誰の価値観が大事? 一生に一度の買い物の場合

by 野田さえ子

 人によるかもしれませんが、一生に一度の大きな買い物といえば、結婚式と新居の購入でしょうか。その一生に一度多額のお金が動く買い物で決定権をもつお方、つまり式場の選択、新居の選択をする権限をもつのは、さてどなたでしょう?

 お金の出所はさておき、ブライダル会社の若き経営者は「8割方女性客が決定権をもつ」と教えてくださいました。マンションにおいても、営業マンの言葉を借りると「奥様が気に入るかが勝負」だそうです。

 1年ほど前、私もその「奥様の権限」を発揮して、マンションを購入しました。とある女性の社長が率いる会社がプロデュースする新築マンションです。「女性の視点で企画したマンション」が売りで販売しています。設計チームに必ず女性が関与しているそうです。「高品質でフル装備住宅で価格が安い」「アフターサービスが充実」というクチコミが奥様ネットワークですでに流れていました。
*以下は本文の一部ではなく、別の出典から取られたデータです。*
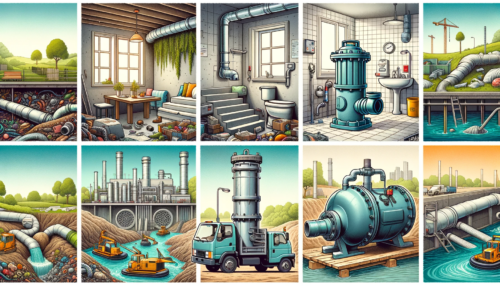 Collage showing four common applications of grinder pumps: in a residential basement, a commercial kitchen, a sewage treatment plant, and a construction site.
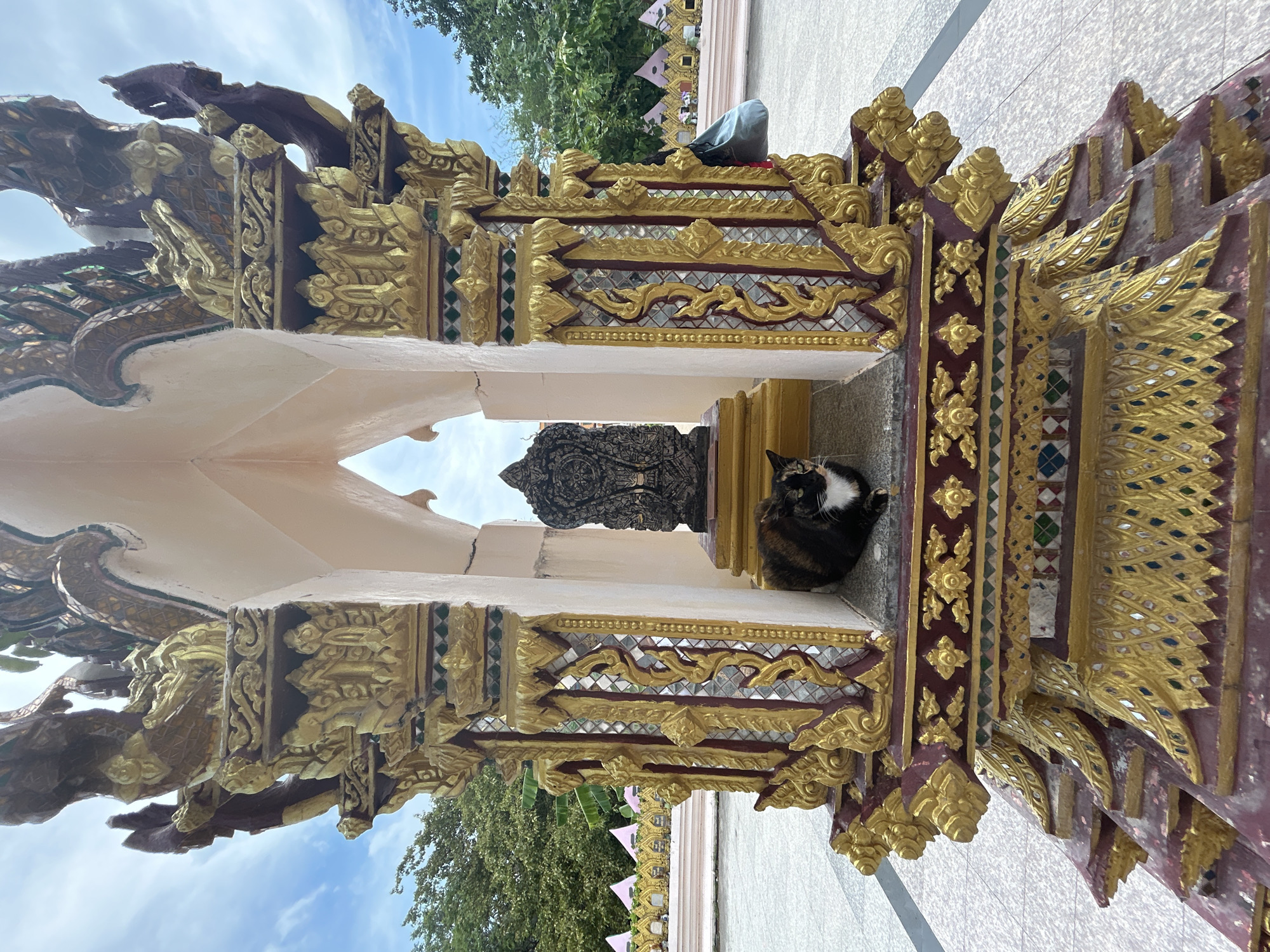 In Ko Samui District, Thailand, a calico cat rests inside an ornate, gilded architectural structure. The structure is elaborately decorated with gold leaf, deep red accents, and mirrored mosaic tiles, featuring intricate carvings that suggest a Buddhist temple or shrine. Behind the cat, a dark, weathered statue stands within the structure's recess. The cat is lying down and looking forward, seemingly undisturbed by its surroundings. The area around the structure appears to be an open, paved courtyard, with trees and a cloudy sky visible in the background. Further in the distance, a series of smaller, decorated structures with pink triangular banners line the perimeter of the courtyard. A blue bag is casually slung over the side of the ornate structure on the right. The overall scene depicts a moment of tranquility within a culturally rich environment.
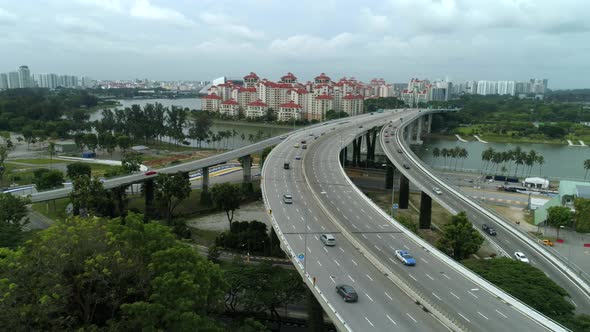 Singapore Aerial View On Highway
 入居してやはり「女性の視点」が配慮されているということを感じます。一番驚いたのは、キッチン周りの配慮。特に、キッチン脇にあるベランダへ通じる窓に、ジャバラ型の収納可能な網戸を配置しているところです。料理している最中に、風向きや料理内容によって風通しをよくしたいとき、自由に窓をあけ網戸を広げることができるのです。料理のために一日のうちの長い時間をその空間で過ごすことが多い女性にとって、その時間を気持ちよくすごすことができるようにというこの配慮はすばらしいものです。

 設計や企画に女性が入れなかった時代、たとえば数十年前に設計された公営住宅は、台所が日のあたらない北側に配置されているデザインで、最大のユーザーである女性が寒いところで時間を過ごさなければいけなかった時代から考えると隔世の感がします。

 さてもうひとつの大きな買い物であるブライダル。先日、結婚式場の経営者の方とお話する機会を得ました。その式場は、数年前おしゃれなチャペルを建設し、再度減少している顧客を増やそうと努力されていました。

 女性トイレを覗くと、和式。着飾った服を着ている女性にとってはちょっと困ってしまいます。チャペルは数千万円の投資、さてトイレの改装は1つあたり十万円以下でできてしまいます。結婚式の参列者には甥や姪などの子連れ客も多いのですが、子連れ客に必要なオムツ替えのスペースがトイレにはなく、授乳室にのみ配置。

 これじゃ、授乳中のお客さんの横でオムツを替えなければいけないことに。子連れのお客さんがいったいどうしているのかわかりませんでした。これも数万円の投資でオムツ替えスペースは設置できるはず。

 経営者とお話をすると、商品開発に女性がかかわることもなく、典型的に「マッチョ」な会社の組織文化でした。今後もブライダル部門を注力していきたいという経営者。「あなたのお客様は女性なんですよ」といいたくなってしまいました。

 さてここで「Whose reality counts?」。「誰の価値観が大事」なのでしょう?経営者の価値観とお客様の価値観は違います。お客様の価値観を共有する人材を起用し、あるいはニーズを調査し商品開発する――。これも経営者の腕のみせどころでしょうね。